Darüberhinaus zielt er auf eine weitergehende Protestantisierung und Entsakralisierung der Riten. Besonders stört ihn das, was er als „räumliche Trennung“ zwischen „Volk“ und Priester empfindet: Er fragt: „Ist es eigentlich undenkbar, dass der Priester bei der Gemeinde sitzt und zu den Aufgaben, die er am Ambo, Altar und einem weiteren Sprechort übernimmt, an die entsprechende Stelle tritt?“ und die Redaktion referiert weiter „Diese Praxis ist etwa bei evangelischen Gottesdiensten üblich. Das würde klar machen, dass der Priester ein Teil der Gemeinde ist – nicht ihr gegenüber, betont Kranemann und moniert, dass immer wieder „Differenzierungsmarkierungen“ zwischen Klerus und Laien in der Liturgie gesetzt werden.“ Entdifferenzierung als Idealvorstellung – unsere Liturgolallalas setzen schon bemerkenswerte Orientierungsmarken.

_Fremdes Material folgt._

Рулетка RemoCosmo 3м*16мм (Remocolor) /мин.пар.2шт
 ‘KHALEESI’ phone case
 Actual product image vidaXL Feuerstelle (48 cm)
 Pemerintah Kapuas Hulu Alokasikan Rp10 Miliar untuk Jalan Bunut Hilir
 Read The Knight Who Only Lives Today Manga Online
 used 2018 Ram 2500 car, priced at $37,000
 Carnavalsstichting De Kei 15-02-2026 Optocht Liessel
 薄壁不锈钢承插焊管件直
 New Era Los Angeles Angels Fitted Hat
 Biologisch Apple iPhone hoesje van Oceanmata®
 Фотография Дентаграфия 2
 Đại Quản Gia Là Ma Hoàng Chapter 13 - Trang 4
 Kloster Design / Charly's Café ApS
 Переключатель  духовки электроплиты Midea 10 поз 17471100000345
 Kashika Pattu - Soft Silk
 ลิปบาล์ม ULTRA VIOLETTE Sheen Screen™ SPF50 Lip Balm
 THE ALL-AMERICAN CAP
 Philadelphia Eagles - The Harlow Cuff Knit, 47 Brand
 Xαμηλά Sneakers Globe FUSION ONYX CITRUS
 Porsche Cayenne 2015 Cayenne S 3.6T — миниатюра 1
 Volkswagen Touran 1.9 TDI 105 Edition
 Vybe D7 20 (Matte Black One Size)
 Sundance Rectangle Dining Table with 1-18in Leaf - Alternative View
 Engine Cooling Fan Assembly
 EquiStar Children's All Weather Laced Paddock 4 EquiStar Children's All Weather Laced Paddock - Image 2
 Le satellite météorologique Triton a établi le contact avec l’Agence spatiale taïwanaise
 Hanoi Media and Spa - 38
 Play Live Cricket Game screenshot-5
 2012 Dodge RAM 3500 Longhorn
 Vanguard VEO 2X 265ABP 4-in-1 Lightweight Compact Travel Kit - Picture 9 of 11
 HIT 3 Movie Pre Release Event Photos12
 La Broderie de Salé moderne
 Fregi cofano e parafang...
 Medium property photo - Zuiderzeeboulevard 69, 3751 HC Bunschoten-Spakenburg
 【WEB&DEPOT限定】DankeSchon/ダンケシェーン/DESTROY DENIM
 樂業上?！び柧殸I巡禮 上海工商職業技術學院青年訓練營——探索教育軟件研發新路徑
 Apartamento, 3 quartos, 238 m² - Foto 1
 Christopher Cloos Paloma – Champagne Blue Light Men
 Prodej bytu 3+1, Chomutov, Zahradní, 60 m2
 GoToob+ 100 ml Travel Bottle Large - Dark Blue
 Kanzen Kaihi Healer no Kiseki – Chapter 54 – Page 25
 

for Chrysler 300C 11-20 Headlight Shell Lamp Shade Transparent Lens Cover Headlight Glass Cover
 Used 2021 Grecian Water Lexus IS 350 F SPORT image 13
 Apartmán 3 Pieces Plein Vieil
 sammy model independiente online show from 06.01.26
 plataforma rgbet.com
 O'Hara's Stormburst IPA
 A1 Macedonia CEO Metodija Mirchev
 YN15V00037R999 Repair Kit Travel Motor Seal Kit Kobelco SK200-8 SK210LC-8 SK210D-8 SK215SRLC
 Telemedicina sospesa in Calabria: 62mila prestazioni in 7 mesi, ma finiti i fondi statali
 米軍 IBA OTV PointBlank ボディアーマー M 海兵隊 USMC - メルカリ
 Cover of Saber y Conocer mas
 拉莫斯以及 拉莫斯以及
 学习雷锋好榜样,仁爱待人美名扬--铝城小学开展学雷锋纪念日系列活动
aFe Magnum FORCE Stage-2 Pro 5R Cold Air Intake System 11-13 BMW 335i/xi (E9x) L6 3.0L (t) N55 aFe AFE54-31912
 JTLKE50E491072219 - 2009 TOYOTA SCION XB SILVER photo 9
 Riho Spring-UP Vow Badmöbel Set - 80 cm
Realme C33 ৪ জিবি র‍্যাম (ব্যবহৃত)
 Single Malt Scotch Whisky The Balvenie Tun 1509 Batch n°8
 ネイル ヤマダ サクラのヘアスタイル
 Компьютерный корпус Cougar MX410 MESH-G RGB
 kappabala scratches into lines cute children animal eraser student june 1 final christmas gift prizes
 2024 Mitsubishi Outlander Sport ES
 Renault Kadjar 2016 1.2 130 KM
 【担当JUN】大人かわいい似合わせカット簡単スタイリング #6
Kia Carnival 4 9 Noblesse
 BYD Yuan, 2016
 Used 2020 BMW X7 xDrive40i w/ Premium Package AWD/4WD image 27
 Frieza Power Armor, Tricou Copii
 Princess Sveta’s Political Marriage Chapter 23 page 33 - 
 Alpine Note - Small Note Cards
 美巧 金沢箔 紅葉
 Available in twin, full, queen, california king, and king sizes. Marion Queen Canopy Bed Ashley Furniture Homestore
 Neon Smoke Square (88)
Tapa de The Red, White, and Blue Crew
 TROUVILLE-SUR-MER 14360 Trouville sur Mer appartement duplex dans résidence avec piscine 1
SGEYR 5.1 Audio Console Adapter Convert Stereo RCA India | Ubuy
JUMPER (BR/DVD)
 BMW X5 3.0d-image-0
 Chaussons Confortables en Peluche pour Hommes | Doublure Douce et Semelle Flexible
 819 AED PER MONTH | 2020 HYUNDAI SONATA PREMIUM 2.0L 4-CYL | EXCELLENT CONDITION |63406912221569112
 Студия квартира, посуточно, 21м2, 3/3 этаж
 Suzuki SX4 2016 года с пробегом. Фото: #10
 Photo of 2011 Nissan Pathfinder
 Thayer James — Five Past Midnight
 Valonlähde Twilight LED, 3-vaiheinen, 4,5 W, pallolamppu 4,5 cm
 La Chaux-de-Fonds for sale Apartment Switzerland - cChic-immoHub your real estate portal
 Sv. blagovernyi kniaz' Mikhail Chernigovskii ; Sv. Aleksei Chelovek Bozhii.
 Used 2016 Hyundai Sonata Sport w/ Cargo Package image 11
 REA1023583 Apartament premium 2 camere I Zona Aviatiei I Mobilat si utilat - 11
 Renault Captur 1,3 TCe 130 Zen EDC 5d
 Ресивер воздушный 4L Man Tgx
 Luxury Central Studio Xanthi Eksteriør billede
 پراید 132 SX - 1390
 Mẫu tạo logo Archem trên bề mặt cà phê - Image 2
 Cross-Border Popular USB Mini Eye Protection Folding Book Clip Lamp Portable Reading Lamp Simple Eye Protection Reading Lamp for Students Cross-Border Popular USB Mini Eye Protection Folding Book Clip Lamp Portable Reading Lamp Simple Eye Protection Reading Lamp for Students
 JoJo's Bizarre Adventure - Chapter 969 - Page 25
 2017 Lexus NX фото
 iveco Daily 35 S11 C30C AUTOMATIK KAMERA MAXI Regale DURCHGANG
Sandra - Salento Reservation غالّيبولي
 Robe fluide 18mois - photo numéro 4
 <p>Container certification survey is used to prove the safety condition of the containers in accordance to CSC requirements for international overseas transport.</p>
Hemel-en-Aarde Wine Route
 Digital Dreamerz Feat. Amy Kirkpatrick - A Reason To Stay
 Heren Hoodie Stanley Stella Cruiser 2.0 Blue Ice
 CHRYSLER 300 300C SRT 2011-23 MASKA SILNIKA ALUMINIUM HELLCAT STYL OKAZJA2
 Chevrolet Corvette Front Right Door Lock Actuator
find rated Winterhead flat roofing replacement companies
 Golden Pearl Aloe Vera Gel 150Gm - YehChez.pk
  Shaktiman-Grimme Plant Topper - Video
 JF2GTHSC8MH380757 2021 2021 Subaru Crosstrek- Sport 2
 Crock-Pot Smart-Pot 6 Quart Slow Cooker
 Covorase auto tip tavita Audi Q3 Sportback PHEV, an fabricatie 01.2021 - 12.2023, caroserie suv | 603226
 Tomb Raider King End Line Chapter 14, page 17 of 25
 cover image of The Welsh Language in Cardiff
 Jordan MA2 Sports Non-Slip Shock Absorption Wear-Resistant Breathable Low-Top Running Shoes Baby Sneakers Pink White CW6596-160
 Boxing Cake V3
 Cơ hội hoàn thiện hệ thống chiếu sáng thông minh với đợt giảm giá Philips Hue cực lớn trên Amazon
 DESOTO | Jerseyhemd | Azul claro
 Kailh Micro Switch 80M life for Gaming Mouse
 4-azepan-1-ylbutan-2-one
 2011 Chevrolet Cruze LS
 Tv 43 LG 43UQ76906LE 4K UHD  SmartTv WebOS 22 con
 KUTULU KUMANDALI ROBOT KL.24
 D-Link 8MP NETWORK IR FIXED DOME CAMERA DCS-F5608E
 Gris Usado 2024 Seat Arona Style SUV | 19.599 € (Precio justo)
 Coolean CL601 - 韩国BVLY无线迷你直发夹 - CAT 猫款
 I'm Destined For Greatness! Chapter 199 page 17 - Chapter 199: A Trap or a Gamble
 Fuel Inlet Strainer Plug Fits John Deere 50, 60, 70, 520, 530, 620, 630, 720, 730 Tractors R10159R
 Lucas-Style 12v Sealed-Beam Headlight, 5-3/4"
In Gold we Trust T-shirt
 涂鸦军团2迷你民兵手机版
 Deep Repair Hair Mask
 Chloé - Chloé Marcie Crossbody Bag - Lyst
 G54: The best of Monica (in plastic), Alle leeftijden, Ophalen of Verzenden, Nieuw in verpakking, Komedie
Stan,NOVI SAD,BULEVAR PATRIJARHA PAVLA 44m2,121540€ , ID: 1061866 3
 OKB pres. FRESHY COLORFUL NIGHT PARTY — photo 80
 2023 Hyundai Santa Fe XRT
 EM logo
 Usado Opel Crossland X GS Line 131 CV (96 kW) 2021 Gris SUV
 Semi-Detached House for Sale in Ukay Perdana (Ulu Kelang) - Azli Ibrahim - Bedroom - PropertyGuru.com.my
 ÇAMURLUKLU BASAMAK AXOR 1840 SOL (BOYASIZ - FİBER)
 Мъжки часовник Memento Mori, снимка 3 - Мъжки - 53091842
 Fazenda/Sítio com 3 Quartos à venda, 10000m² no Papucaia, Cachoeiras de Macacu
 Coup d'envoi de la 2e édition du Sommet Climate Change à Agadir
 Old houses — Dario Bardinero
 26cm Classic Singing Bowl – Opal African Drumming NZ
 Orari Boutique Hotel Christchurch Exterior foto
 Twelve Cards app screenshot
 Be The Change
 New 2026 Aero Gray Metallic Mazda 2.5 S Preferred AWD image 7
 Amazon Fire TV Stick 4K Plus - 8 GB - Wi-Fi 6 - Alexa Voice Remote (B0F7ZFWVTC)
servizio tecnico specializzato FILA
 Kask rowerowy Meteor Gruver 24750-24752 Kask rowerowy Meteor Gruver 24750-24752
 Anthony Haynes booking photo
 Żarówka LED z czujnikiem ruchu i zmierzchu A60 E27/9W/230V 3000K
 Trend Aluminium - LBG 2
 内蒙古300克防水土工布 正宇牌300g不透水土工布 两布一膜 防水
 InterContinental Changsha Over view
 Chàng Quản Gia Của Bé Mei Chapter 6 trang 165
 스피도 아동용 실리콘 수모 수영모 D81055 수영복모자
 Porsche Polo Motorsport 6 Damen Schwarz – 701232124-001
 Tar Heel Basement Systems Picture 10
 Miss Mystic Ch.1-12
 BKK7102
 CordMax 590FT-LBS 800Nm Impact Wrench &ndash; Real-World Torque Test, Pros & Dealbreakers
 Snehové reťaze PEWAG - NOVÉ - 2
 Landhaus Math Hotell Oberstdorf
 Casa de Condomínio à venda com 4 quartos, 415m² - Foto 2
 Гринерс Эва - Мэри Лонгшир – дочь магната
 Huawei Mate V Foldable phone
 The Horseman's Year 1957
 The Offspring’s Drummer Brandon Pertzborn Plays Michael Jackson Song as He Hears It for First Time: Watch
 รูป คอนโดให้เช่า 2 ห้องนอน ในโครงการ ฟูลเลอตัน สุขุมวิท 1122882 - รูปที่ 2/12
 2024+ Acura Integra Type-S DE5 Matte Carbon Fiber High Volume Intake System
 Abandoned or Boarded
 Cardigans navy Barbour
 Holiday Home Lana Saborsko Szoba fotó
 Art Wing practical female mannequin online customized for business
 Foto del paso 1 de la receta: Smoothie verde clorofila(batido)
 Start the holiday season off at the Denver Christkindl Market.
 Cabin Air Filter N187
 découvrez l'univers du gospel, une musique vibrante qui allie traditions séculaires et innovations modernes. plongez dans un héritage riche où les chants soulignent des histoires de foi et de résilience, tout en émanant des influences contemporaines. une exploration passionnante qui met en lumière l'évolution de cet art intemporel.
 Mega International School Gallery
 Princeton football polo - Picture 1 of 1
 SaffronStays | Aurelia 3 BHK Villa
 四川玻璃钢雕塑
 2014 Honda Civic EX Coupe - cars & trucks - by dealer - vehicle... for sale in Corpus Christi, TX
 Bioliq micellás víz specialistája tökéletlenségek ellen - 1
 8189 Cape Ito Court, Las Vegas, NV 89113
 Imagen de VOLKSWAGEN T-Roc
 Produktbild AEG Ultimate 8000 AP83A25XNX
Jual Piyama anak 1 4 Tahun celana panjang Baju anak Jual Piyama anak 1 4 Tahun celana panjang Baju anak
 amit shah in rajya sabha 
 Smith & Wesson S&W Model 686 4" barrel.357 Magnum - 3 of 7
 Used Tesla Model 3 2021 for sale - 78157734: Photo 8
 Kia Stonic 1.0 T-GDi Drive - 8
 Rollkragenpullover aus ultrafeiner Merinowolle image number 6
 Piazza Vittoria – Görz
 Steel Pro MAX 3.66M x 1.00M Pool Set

Eine ins Einzelne gehende Befassung mit derlei ist hier nicht erforderlich, zumal der reformerische Furor der Kranemann, Bärsch & Co weit über die Liturgie hinausreicht. Für sie steht, wie der im Artikel ebenfalls angeführte Würzburger Fundamentaltheologe Remeny betont, im Zeichen des Kampfes gegen den Klerikalismus die gesamte „Amtstheologie, Ekklesologie, Kirchenrecht und Spiritualitätstheologie“ zur Disposition, und ihre Hoffnungen richten sich auf den angekündigten „synodalen Weg“ – er soll die Tore für den Weg in eine bessere Zukunft öffnen. Wieder einmal.

In dieser Zukunft wird es freilich schon bald, spätestens in 40 Jahren, nur noch halb so viele Kirchensteuerzahler geben wie heute – aber deshalb sind Bedford-Strohm und Marx ja auch so eifrig bei ihren Fusionsplänen. Und sollten dank der unermüdlichen Tätigkeit der Kranemänner die Zahlen noch schneller in den Keller gehen, nimmt man halt noch ein paar weitere „Abrahamiten“ dazu – Christus, Auferstehung und Erlösung sind doch von heute aus gesehen überbewertet.

Katholiken, die einfach katholisch bleiben wollen, können diese Entwicklung trotz allen Schmerzes auch mit einiger Gelassenheit betrachten. Die Kirchengebäude können Sie uns nehmen – den Glauben, die Sakramente und den vorbergoglianischen Katechismus nicht.